Jede der 12 Phasen wird natürlich von einem oder mehreren dieser skurrilen Kunstgebilde aus Metall oder Holz oder Beidem „begleitet“. Sie umfassend zu beschreiben, ist nahezu unmöglich; man muss sie ganz einfach selber sehen, betrachten und daraus seine eigenen, individuellen Deutungen ziehen. Da ist, beispielsweise, im Kapitel „Mobilität“ jene seltsame, auf einer langen Stange mit zierlichem Dreifuß aufgebockte Kreatur, die irgendwie an einen Vogel Strauß erinnert, an der man jedoch bei genauerem Hinschauen einen alten Motorrad-Soziussitz, dessen Spitze auf einen ebenso betagten Motoradtank weist. Seine wahre Dynamit erhält das Ding aus den beiden verschieden farbigen Kälbermilch-Wärmern, die  – elektrisch angetrieben – vor und zurück pendeln.

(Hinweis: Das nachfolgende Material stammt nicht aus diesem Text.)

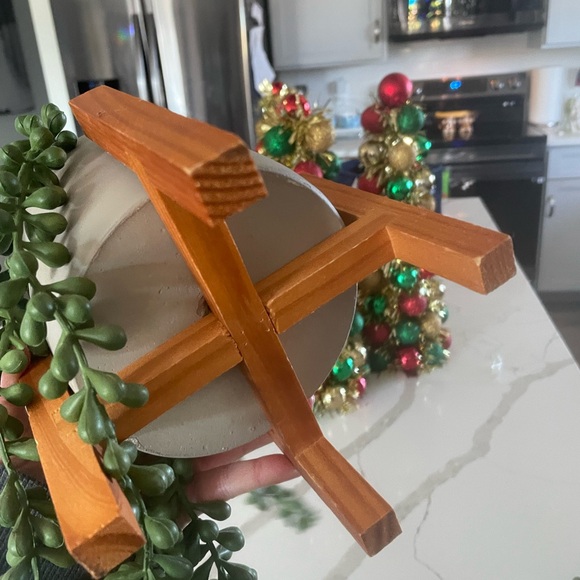 2 artificial planters - Picture 4 of 4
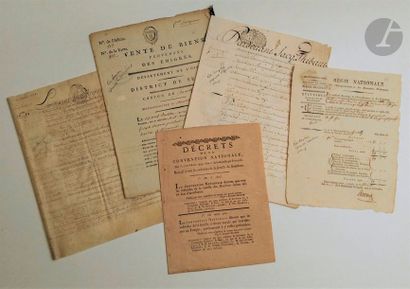 null Ensemble de dix-huit documents anciens dont factures, une lettre du Général...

Es soll hier tatsächlich nicht die Ausstellung in  ihren einzelnen Segmenten beschrieben werden. Bemerkenswert für die Zuschauer dürfte nicht zuletzt die Interaktion zwischen Betrachter und Betrachtetem sein. Alle 12 Werke sind nämlich mit speziellen Bewegungsmeldern versehen, die bei Annäherung für ein bestimmtes Zeitintervall aktiviert werden – sei es, dass ein ganzer Apparat plötzlich zu leben beginnt, sei es, dass sich Beleuchtungskörper bemerkbar machen. Und nicht zuletzt – die Tatsache, dass zur Herstellung all dieser (am Ende) Kunststücke ausschließlich „Grundstoffe“ verwendet wurden, soll auch daran erinnern, in welcher Wohlstands- und Wegwerfgesellschaft wir uns noch immer bewegen.

“Kindheit” © Willi Reiche

Wer Willi Reiche in seinem Atelier und seiner Werkstatt in der linksrheinischen Verbandsgemeinde Wachtberg vor den Toren der alten Bundeshauptstadt Bonn besucht, meint sich zunächst in eine historischen Dorfschmiede verlaufen zu haben. Für diesen Eindruck sorgen allein schon die hölzernen Räder zum Antreiben von Transmissionsriemen an der Decke. Und auch die alten Pflugscharen und musealen Heuwender im Hof. Kann da jemand den Überblick behalten? Es ist wirklich verblüffend. Der 1954 in Fürth geborene (zwar studierte Kunstgeschichtler) aber trotzdem autodidaktisch groß gewordene Kunstmaschinist Reiche kennt jedes einzelne Stück, weiß um seine Geschichte und hat nicht selten frühzeitig zumindest schon die Grundidee im Kopf, welche Art von Veredelung man damit vornehmen könnte.

© Tania Beilfuss

Übrigens: Wer zum Einkaufzentrum Berkum möchte, kommt automatisch an dem Kreisverkehr mit der eisernen, fünf Meter hohen Drachenskulptur auf der Mittelinsel vorbei. Der Drachenbau wurde als Schulprojekt mit sieben Schülern der Wachtberger Hans-Dietrich-Genscher-Schule unter der Leitung von Willi Reiche realisiert. Der Drache ist das Wappentier der vor 50 Jahren aus mehreren Ortschaften zusammen gefügten Verbandsgemeinde. Interessanterweise heißt die Landschaft in und um Wachtberg „Drachenfelser Ländchen“, obwohl sich der Namensgeber Drachenfels auf der gegenüber befindlichen Rheinseite im Siebengebirge befindet. Jedenfalls beschlossen die Bürger zum Jubiläum des halben Jahrhunderts, sich die Fabelechse zum Wappentier zu wählen. Und nun steht sie da, geschmiedet von dem Team der Schüler und Willi Reiche.

Ausstellung „Von der Wiege bis zur Bahre“

  1. 03. – 28. 04. 2023

53 359 Rheinbach

Glaspavillon „Hans-Schmitz-Haus“

An der Glasfachschule 4

Öffnungszeiten: Nach vorheriger Vereinbarung kann die Ausstellung jeweils sonntags ab 11 h besucht werden.